** THE PROBLEM **
Please give back exactly the line with "Grosvenor House Suites" and each line after it through the end of the material, leaving out the pictures.

** COLLECTED DATA **
+++++
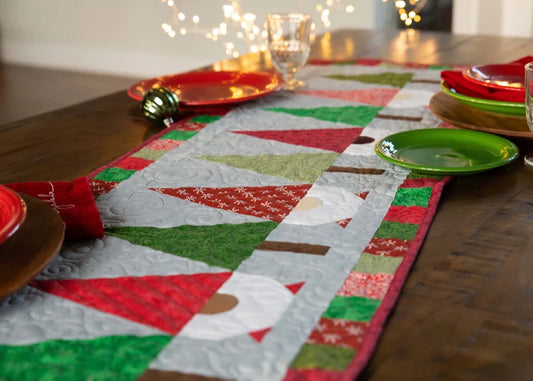 Forest Dwellers Table Runner Kit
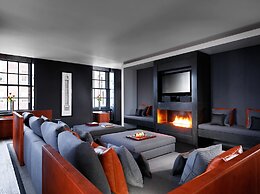 Grosvenor House Suites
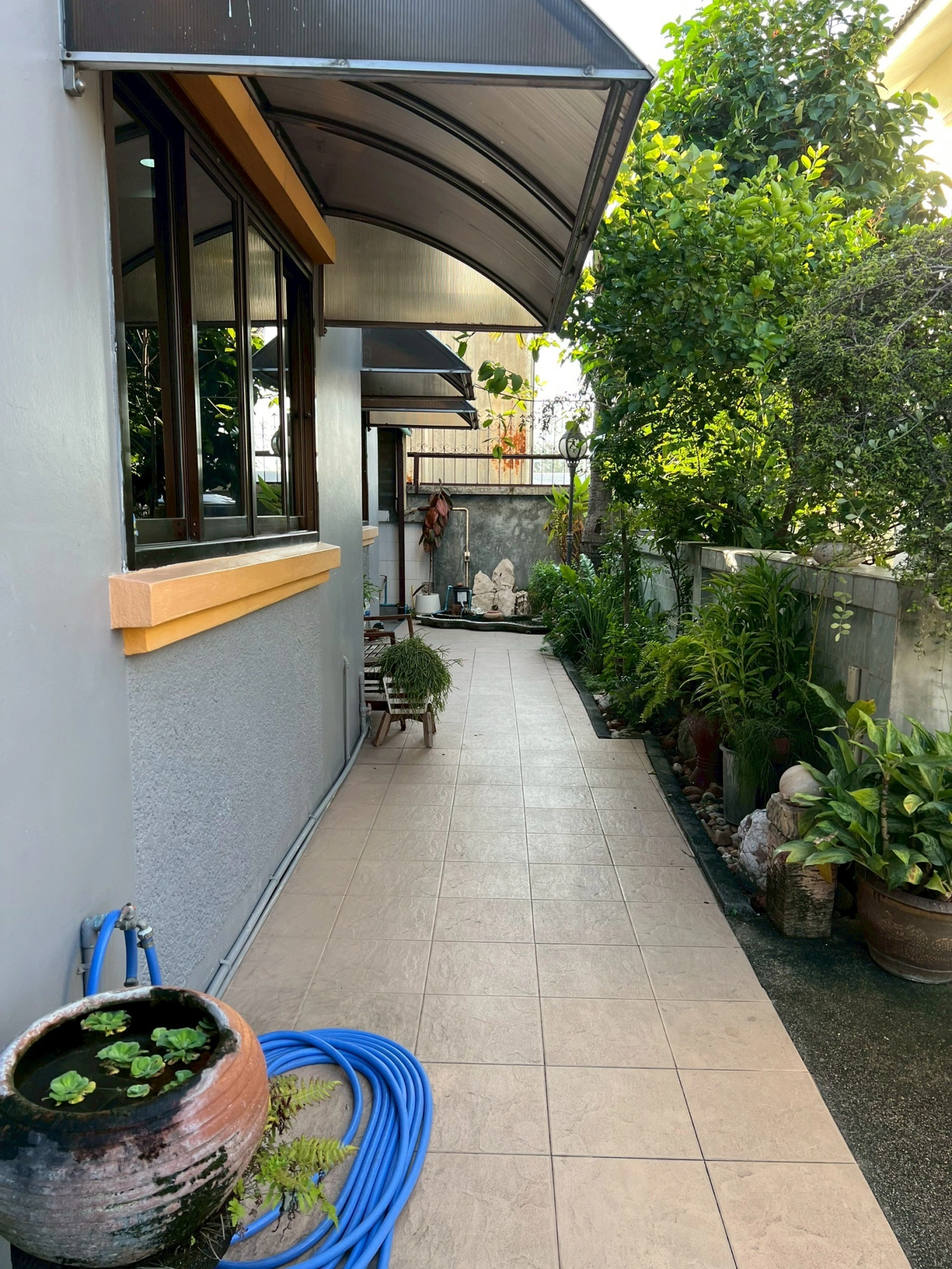 บ้านสวนริมธาร 2  (ถนนตัดใหม่ พรานนก-พุทธมณฑลสาย 4)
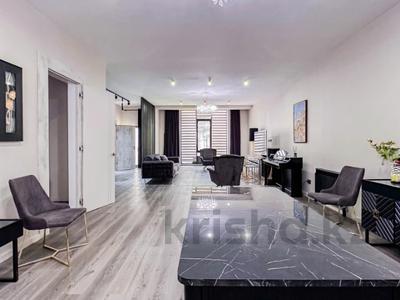 6-комнатная квартира · 450 м² · 2/4 этаж, Ушкемпиров — Аль-фараби за 2 млн ₸ в Алматы, Бостандыкский р-н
+++++
** ANSWER AREA **
 Grosvenor House Suites
 บ้านสวนริมธาร 2  (ถนนตัดใหม่ พรานนก-พุทธมณฑลสาย 4)
 6-комнатная квартира · 450 м² · 2/4 этаж, Ушкемпиров — Аль-фараби за 2 млн ₸ в Алматы, Бостандыкский р-н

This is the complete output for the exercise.